在实际使用中，除了少数简单场景外，都不会直接使用 Process 、 Pipe 、 Queue 来实现多进程。这种低层级（low level，无贬义）的API，可读性差，容易出错。常用的是高层级API——进程池。

Pool

由于 Process 创建、销毁有较大开销，并且并行数受机器CPU数量的限制，过多无益。一个 Pool （进程池）会统一创建并维持一定数量的 Process ，并行地执行Task。在所有Task执行完毕后，再统一地关闭 Process 。

这里Task（任务）的概念，并未被实现为一个 class ，而是一个 callable ，比如下面的 f 、 g 。

#!/usr/bin/env python3
# -*- coding:utf-8 -*-
from multiprocessing.pool import Pool


def f(x):
    return x * x


def g(x, y):
    return x**y


def main():
    with Pool(4) as pool:
        result = pool.map(f, [1, 2, 3, 4, 5])
        print(type(result))
        print(result)

    with Pool(4) as pool:
        result = pool.starmap(g, [(1, 3), (2, 4), (3, 5), (4, 6), (5, 7)])
        print(type(result))
        print(result)


if __name__ == '__main__':
    main()

以上代码保存为 multi.py 文件，执行结果如下：

$ python3 multi.py
<class 'list'>
[1, 4, 9, 16, 25]
<class 'list'>
[1, 16, 243, 4096, 78125]

map 的用法类似内置函数 map ，专门处理单个参数的 callable ；而 starmap 则是用来处理多个参数的 callable 。

此外，还有利用 Pool 执行单个Task的 apply 。除非Task本身就是一个个来的，否则使用 apply 的效率不高。

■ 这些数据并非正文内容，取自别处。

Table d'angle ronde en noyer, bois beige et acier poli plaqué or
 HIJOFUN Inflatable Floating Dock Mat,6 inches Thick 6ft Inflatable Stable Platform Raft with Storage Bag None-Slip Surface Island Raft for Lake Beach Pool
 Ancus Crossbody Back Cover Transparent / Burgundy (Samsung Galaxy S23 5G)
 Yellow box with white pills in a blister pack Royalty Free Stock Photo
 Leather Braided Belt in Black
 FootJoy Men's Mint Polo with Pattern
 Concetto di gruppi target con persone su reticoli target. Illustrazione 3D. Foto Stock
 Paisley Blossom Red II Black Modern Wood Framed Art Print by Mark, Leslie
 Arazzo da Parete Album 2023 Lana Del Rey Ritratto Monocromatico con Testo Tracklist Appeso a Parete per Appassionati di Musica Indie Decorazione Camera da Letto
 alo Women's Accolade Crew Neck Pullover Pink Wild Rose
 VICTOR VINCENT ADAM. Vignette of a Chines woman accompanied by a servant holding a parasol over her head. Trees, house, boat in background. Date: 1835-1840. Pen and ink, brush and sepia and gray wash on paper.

比起 apply ，更值得关注的是 imap 和 imap_unordered 。 imap 和 map 非常类似，而这个多出来的 i ，则是 Iterable 。 map 使用的是 list 而 imap 则是 Iterable ，前者效率略高，而后者内存消耗显著的小。在处理结果上， imap 可以尽快返回一个 Iterable 的结果，而 map 则需要等待全部Task执行完毕，返回 list 。无论 map 还是 imap ，都需要按顺序等待Task执行完成，而 imap_unordered 则不必。 imap_unordered 返回的 Iterable ，会优先迭代到先执行完成的Task。三者各有特点，要按需使用。

AsyncResult

以上为进程池的同步使用方案。同步方案会卡在 map 或 starmap 这一行，直到所有任务都执行完毕。有时，我们会需要一个异步方案，这时就需要用到 map_async 或 starmap_async 。它们返回的结果，就是 AsyncResult 。

#!/usr/bin/env python3
# -*- coding:utf-8 -*-
from multiprocessing.pool import Pool


def f(x):
    return x * x


def g(x, y):
    return x**y


def main():
    with Pool(4) as pool:
        result = pool.map_async(f, [1, 2, 3, 4, 5])
        print(type(result))
        print(result.get())

    with Pool(4) as pool:
        result = pool.starmap_async(g, [(1, 3), (2, 4), (3, 5), (4, 6), (5, 7)])
        print(type(result))
        print(result.get())


if __name__ == '__main__':
    main()

以上代码保存为 multi_async.py 文件，执行结果如下：

$ python3 multi_async.py
<class 'multiprocessing.pool.MapResult'>
[1, 4, 9, 16, 25]
<class 'multiprocessing.pool.MapResult'>
[1, 16, 243, 4096, 78125]

以上代码中，实际等待位置是 result.get() 那一行。

Timeout

以上多进程代码，其实是不完善的。除非Task非常简单，并无IO、网络等资源依赖，否则多进程也好、多线程也好，都有可能执行不完。为了避免未知原因的挂起，及时止损，通常需要设置 timeout 。 AsyncResult 在阻塞时，可以用 wait 或 get ，设置 timeout 参数。

#!/usr/bin/env python3
# -*- coding:utf-8 -*-

import time
from multiprocessing.pool import Pool, TimeoutError


def sleep(duration):
    time.sleep(duration)
    with open('result.log', 'a') as file:
        file.write(str(duration))
        file.write('\n')
    return duration


def main():
    with Pool(4) as pool:
        result = pool.map_async(sleep, range(8))
        try:
            print(result.get(timeout=5))
        except TimeoutError:
            print(TimeoutError.__name__)


if __name__ == '__main__':
    main()

以上代码保存为 timeout.py 文件，执行结果如下：

$ python3 timeout.py
TimeoutError
$ cat result.log
0
1
2
3
4

可以看到，由于 timeout=5 ，4秒以前的Task都成功了，而大于（等于）5秒的Task都失败了。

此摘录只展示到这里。